Septième fausse certitude : Dans sa construction institutionnelle actuelle, l’Europe serait incapable de créer l’impulsion décisive sur la transition écologique. Des brasseurs rances de passions tristes, encore eux, sont encore là à polluer le débat salutaire qu’il faudrait avoir d’urgence, tous ensemble, tous Européens, sur la sécurité de la planète, sur la priorité de démolir ces pseudo biens communs qui nous empoisonnent. Pas de libre échange qui soit liberté de saccager l’Amazonie et le climat. Pas de solution autoritaire non plus aux problèmes écologiques. Le modèle n’est pas la Chine, le nouveau « despote éclairé » des énergies renouvelables et de la voiture électrique qui trouve toujours des Diderot flagorneurs. La complexité des questions à résoudre est telle que nous n’avons pas seulement besoin de bons experts, ingénieurs, industriels inventifs ; nous avons besoin de tous à tous les niveaux. Là encore, l’idée que la démocratie nuirait à l’invention des nouveaux chemins est une vieille lune qui n’en finit pas de faire des ravages dans les têtes et dans les textes.
Huitième fausse idée : les garanties concrètes de l’égalité des sexes, de l’accès aux droits à l’avortement, aux soins palliatifs et au droit de choisir sa mort, seraient suffisamment assurées par le double dispositif de la Cour des droits de l’homme de Strasbourg d’une part, et par les dispositifs constitutionnels des États membres.

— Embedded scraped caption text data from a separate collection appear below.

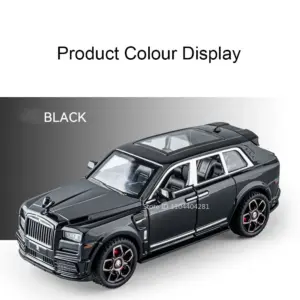 Rolls-Royce Cullinan 1:36 Diecast Model Black 15 S9a0bbfffccf14eb2a9794f6f3962efd2w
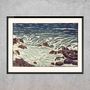 Poster - Brittany print Small ascending wave from Henri Rivière - BILLPOSTERS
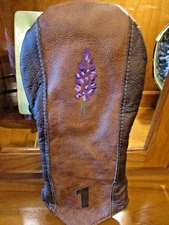 New Links And Kings Leather Driver Cover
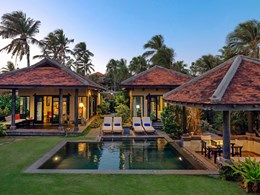 Two Bedroom Beach Front Pool Villa
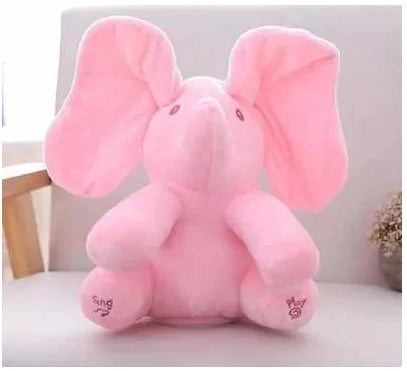 Peek a Boo Elephant Teddy Bear Plush Toy 30cm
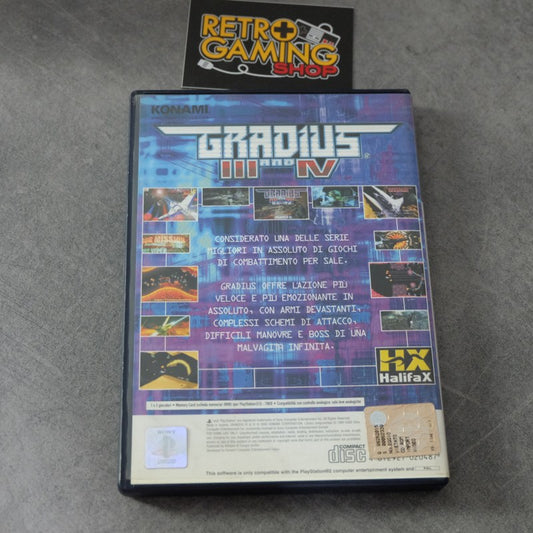 Gradius 3 & 4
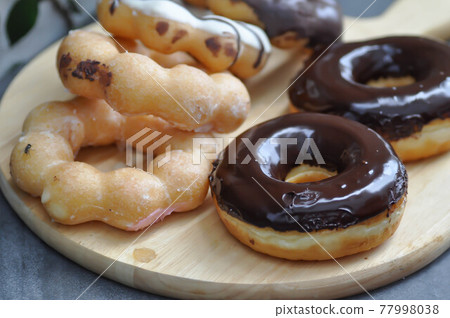 donut, doughnut or chocolate donut donut, doughnut or chocolate donut 77998038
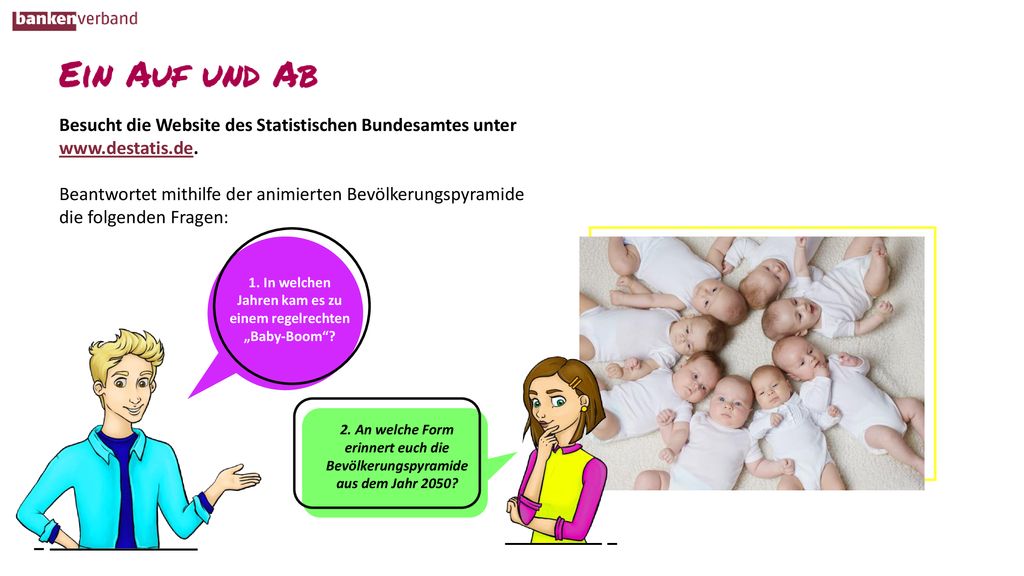 1. In welchen Jahren kam es zu einem regelrechten „Baby-Boom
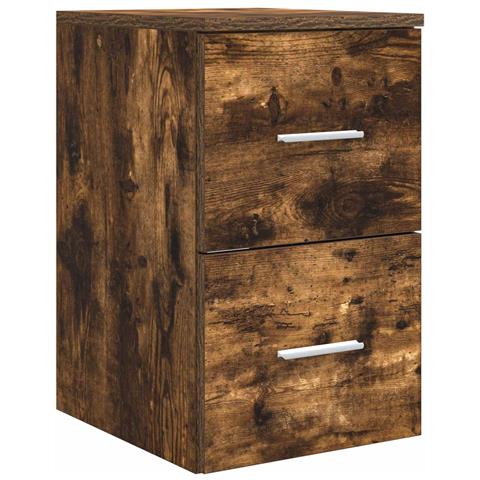 Armadio Bagno In-between Rovere Fumo 30 x 35 x 50 cm - Foto 1
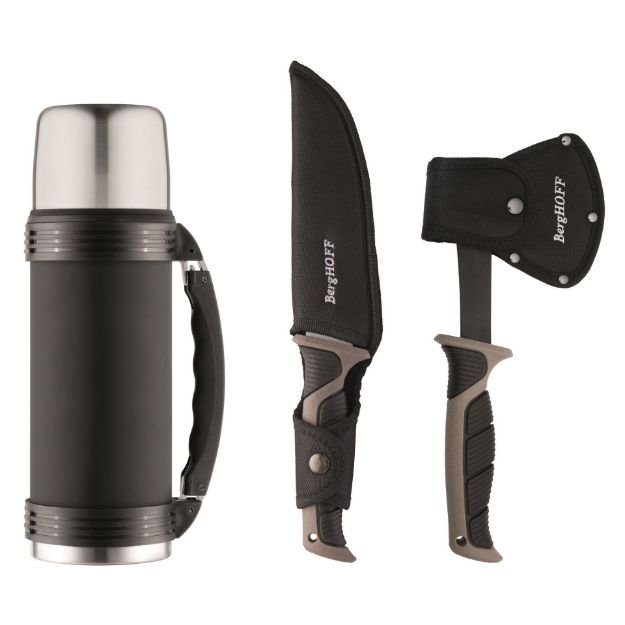 Afbeeldingen van Essentials 3-delige outdoorset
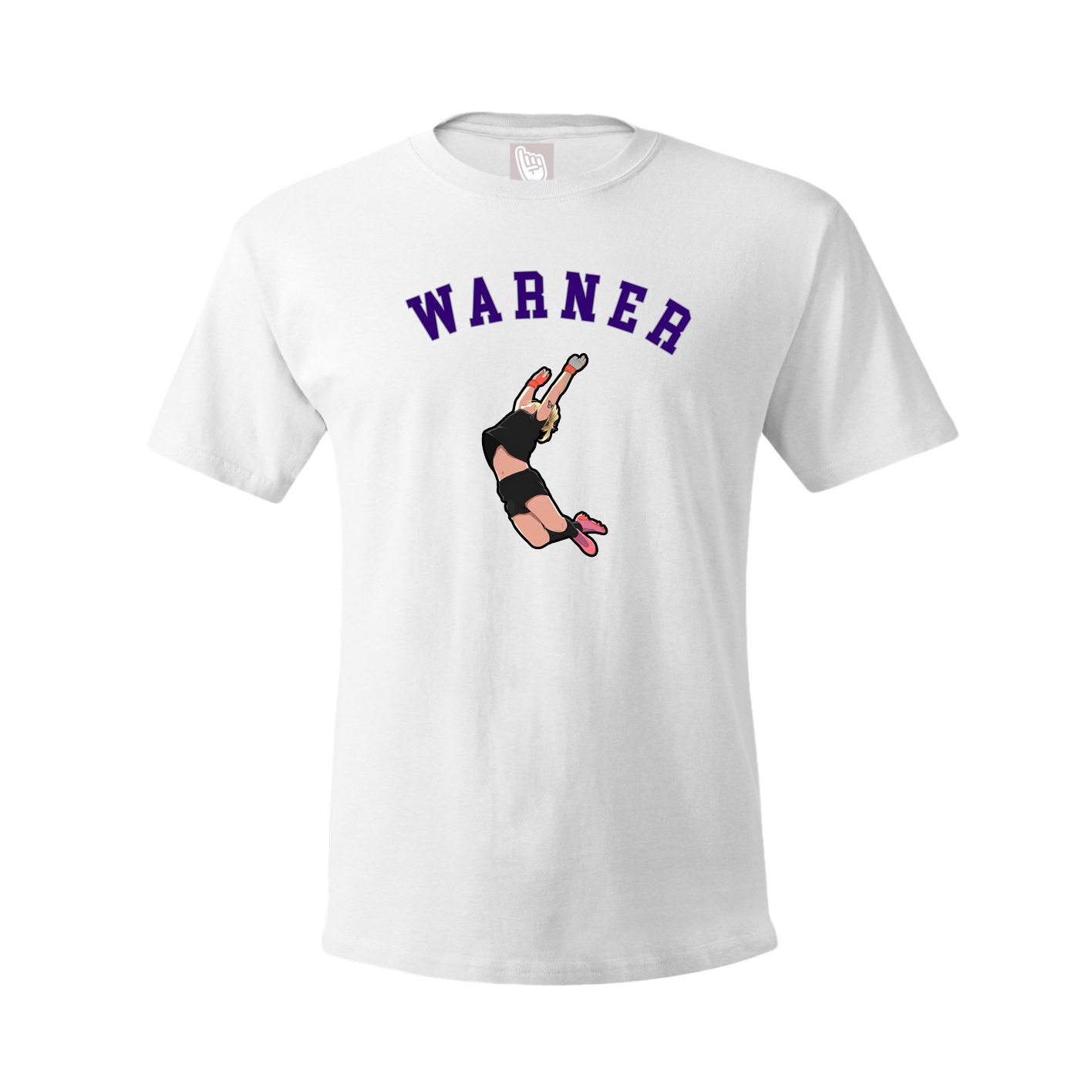 Tee — Shirsey Arch in White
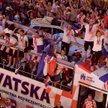 Chorwacja: Srebrną reprezentację witało 300 tys. osób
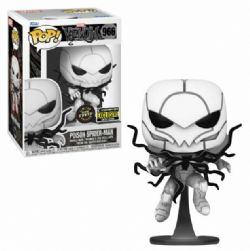 VENOM -  POP! BOBBLE-HEAD FIGURE OF POISON SPIDER-MAN (4 INCH) 966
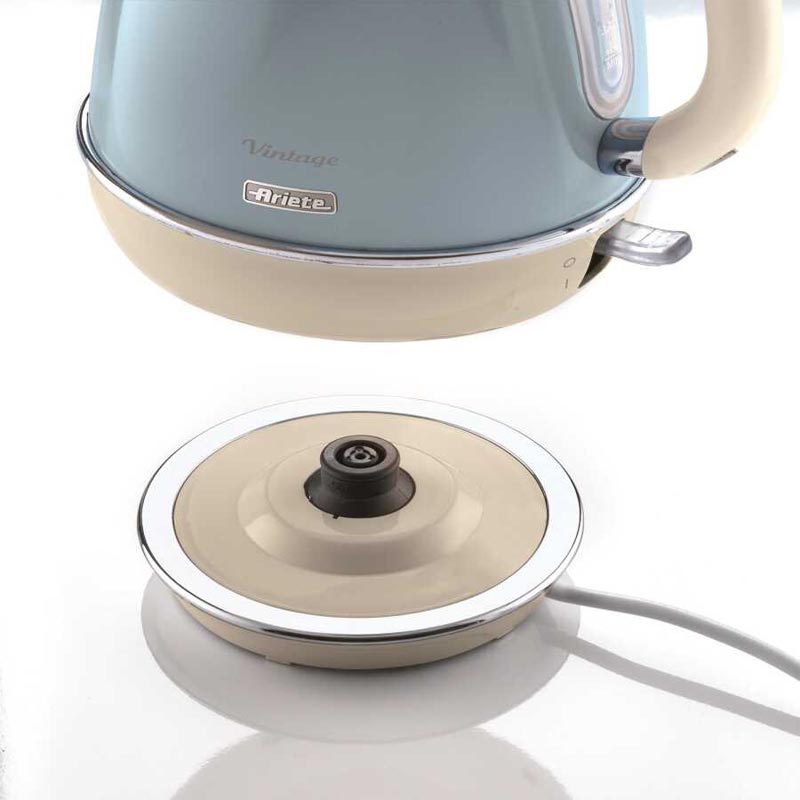 Ariete 2869/05 Vintage Su Isıtıcı, 1.7 L, Mavi — Ariete — Görsel 4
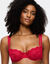 Soutien-gorge forme emboîtante "Palina Moonlight kiss"  - avec armatures (rouge)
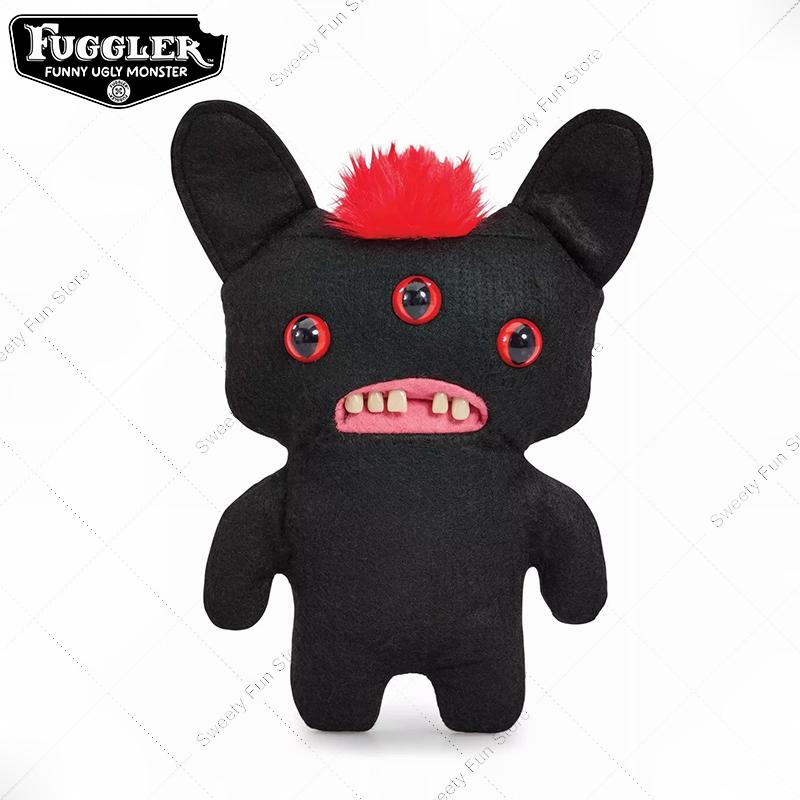 100% Original Fuggler Funny Ugly Monster Plush Toy – Tooth Creature Stuffed Doll, Hairy Furry Plushie Gift for Kids & Collectors, Mini Rascals Series
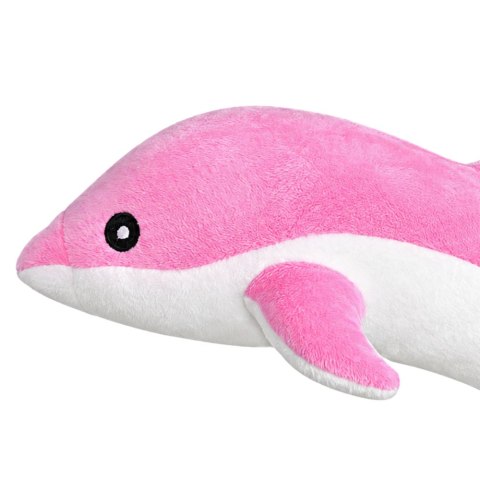 DUŻY PLUSZOWY DELFIN RÓŻOWY 70CM MASKOTKA PRZYTULANKA PLUSZAK
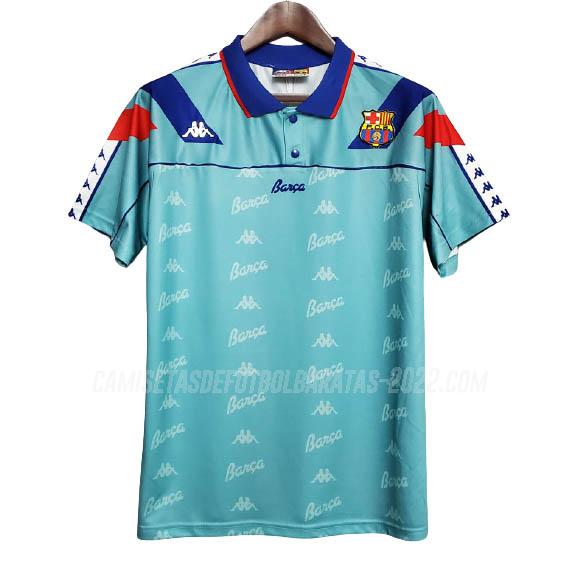 camiseta retro de la 2ª equipación barcelona 1992-1995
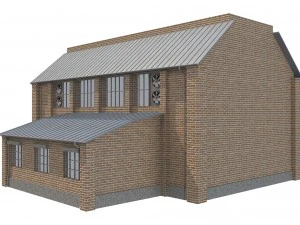 warehouse 3 3D Model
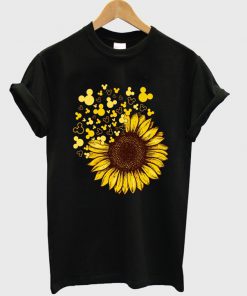 sunflower mouse t-shirt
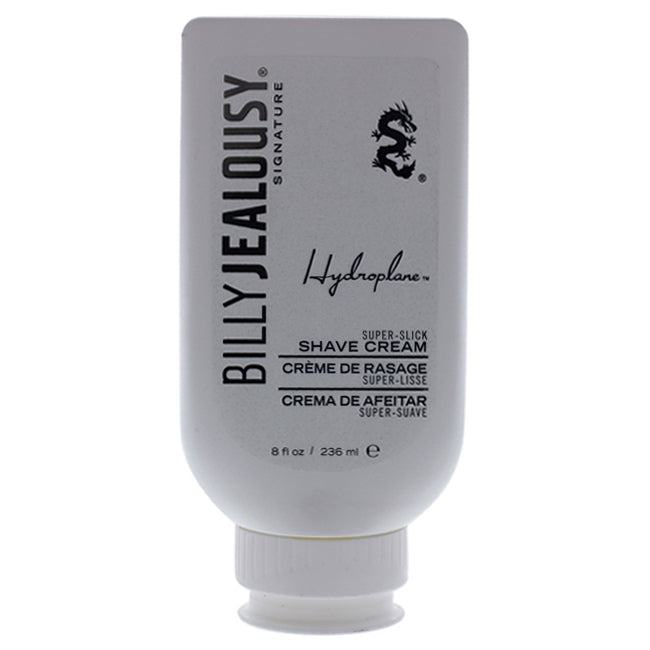 Billy Jealousy Hydroplane Super-Slick Shave Cream by Billy Jealousy for Men - 8 oz Shave Cream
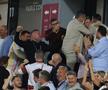Toți cei din jur privesc în aceeași direcție: spre familia Șucu FOTO: Ionuț Iordache (GSP)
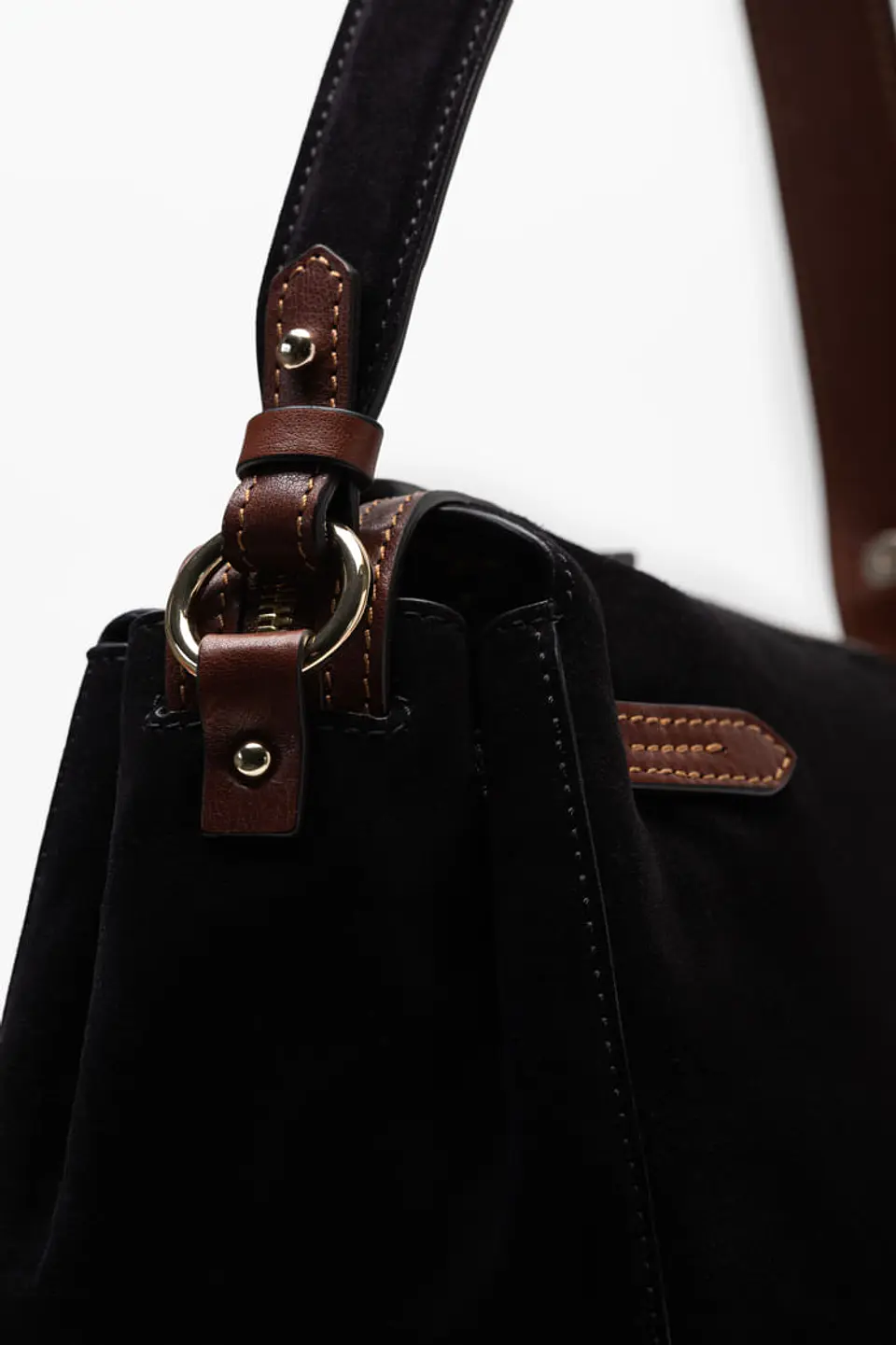 Cartera Cuero Suede 2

Neuvième idée fausse sur l’Union Européenne : Aucun récit, aucun symbole ne serait à inventer. Avec l’ensemble post-national européen, nous serions à la fin de l’histoire. En matière d’éducation, de culture transnationale européenne, rien n’aurait été fait, ni ne serait à faire. Les contributions de Pierre Calame et de Patrick Franjou montrent à quel point des étapes ont été franchies et combien il reste à faire.
Dixième lubie des a-Européens, surtout de gauche cette fois : Penser qu’en matière de droit du travail, de droit social, une Union qui offre les points les plus avancés des pays les plus en pointe ne compte pour rien, ignorant le bond qualitatif que représentent des espaces de droits à l’échelle de ses 425 millions d’habitants. Par exemple, le saut que représenterait une première forme de revenu universel européen par rapport aux expérimentations « nationales » qui demeurent balbutiantes.
Expérimentation, invention démocratique à tous les étages. L’Europe est l’un des plus grands chantiers institutionnels de la planète. Voilà qui oblige les représentants de son Parlement, qui oblige la Commission et finalement, ses citoyens, qui méritent mieux qu’une simple mention au dessus du passeport « national ».